*** Records to use ***

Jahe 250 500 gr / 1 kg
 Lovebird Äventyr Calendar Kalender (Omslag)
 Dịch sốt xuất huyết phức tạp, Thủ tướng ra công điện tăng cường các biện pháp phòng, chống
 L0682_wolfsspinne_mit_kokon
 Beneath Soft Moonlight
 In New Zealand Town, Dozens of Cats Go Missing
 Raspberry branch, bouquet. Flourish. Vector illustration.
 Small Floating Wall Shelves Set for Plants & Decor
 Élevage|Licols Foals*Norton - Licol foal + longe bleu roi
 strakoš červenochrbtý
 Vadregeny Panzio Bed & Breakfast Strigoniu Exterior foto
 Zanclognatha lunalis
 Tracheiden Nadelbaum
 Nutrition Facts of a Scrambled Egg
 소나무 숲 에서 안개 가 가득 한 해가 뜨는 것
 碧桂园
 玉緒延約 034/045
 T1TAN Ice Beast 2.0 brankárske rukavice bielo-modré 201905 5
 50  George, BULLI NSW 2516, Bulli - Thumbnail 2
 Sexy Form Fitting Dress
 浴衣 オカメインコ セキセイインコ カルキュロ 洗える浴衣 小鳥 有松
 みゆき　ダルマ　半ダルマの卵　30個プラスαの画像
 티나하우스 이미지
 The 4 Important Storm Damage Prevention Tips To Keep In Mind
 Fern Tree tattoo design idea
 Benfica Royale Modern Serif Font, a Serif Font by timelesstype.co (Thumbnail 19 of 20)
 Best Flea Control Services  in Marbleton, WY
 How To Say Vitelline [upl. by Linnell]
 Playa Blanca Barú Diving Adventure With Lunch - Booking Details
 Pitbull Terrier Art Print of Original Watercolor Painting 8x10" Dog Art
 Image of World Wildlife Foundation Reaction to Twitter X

*** End of Records to use ***

◆ Problem to work on: Where in the entries does the word "Thumbnail" occur? Copy out each line that has it.

◆ Response area:
 50  George, BULLI NSW 2516, Bulli - Thumbnail 2
 Benfica Royale Modern Serif Font, a Serif Font by timelesstype.co (Thumbnail 19 of 20)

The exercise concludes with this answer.